A military correspondent P. N. Luknitsky in this regard cited the episode: “On the streets, women more and more often touch my shoulder:“ Military comrade, do you not need wine? ”And briefly:“ No! ”- a shy excuse:“ I thought it was not bread exchange, a gram would be at least two hundred, three hundred ... ”Another blockade described a case when his father, returning from the front, had to put on civilian clothes in order to exchange canned food and concentrates of his ration for vodka.
Horrible were the characters, who Leningraders attributed to cannibals and sellers of human flesh. “At the Sennoy market, people walked through the crowd, as in a dream. Pale as ghosts, thin as shadows ... It was only sometimes that a man or woman suddenly appeared with a full, ruddy face, somehow soft and hard at the same time. The crowd trembled in disgust. They said it was cannibals. ” About this terrible time terrible memories were born: “Cutlets were being sold on the Haymarket Square. Sellers said it was horse meat. But I have not seen much time in the city not only horses, but also cats. For a long time the birds did not fly over the city. ” EI Irinarkhova writes: “They were watching on Sennaya Square: are they selling suspicious meatballs or something else? Such goods were seized, and sellers were taken away. ” I. A. Fisenko describes the case, as she could not satisfy the hunger with broth, which had a specific smell and sweetish taste - her father poured the full pan into the trash. The girl's mother unknowingly traded a piece of human meat for a wedding ring. Different sources cite different data on the number of cannibals in besieged Leningrad, but, according to the estimates of the internal affairs agencies, only 0,4% of criminals have admitted to terrible fishery. One of them told how he and his father killed the sleeping, flayed the corpses, salted the meat and exchanged it for food.

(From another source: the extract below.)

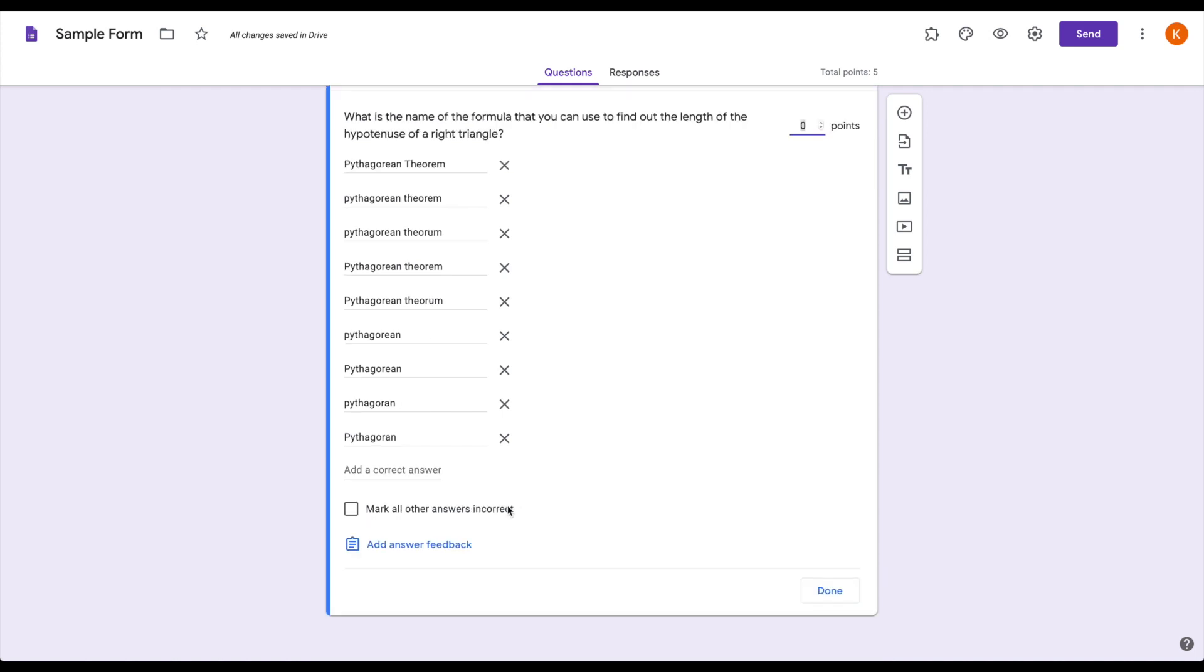If you think you've gotten a majority of possible answers, click mark all other answers incorrect. And this will then automatically grade it. And then of course, give it a point value. Click done.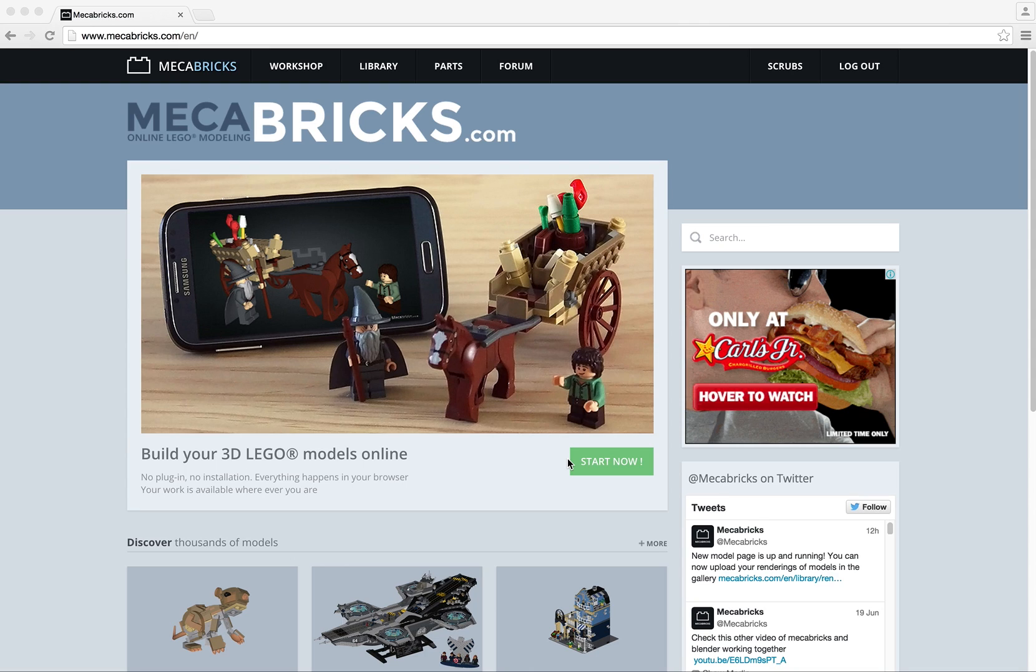Welcome to this tutorial. I'm Nicolas from Mechabricks and today I will show you how to export a model from Mechabricks, how to render it in Blender, and how to upload your result in the Mechabricks library.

And sometimes they themselves used in food.
The sharp stratification of city dwellers in their standard of living caused a burning hatred for the owners of illegally acquired products. Survivors of the blockade write: “Having a bag of cereals or flour, you can become a wealthy person. And such a bastard has proliferated in abundance in an endangered city. " “Many are leaving. Evacuation is also a speculators' refuge: 3000 rubles from the head for transportation by car, 6000 rubles by plane. Undertakers earn, jackals earn. Speculators and Blatmasters seem to me to be nothing more than dead flies. What an abomination! ”Employee plant them. Stalin B. A. Belov fixes in his diary:
To be continued ...
Sources:
Mikhailov BM At the bottom of the blockade and war.
Gifts A. A. Blockade.
Salisbury G. Xnumx days. Leningrad blockade.
Luknitsky P.N. Leningrad acts ... Front-line diary (22 June 1941 g. - March 1942 g.).
Children and blockade. Memories, fragments of diaries, eyewitness accounts, documentary materials.
Pyankievich V. L. “Some die of hunger, others are cashing in, robbing the last crumbs of the first”: participants of the market trade in besieged Leningrad // Works of the Faculty of History of St. Petersburg University, 2012.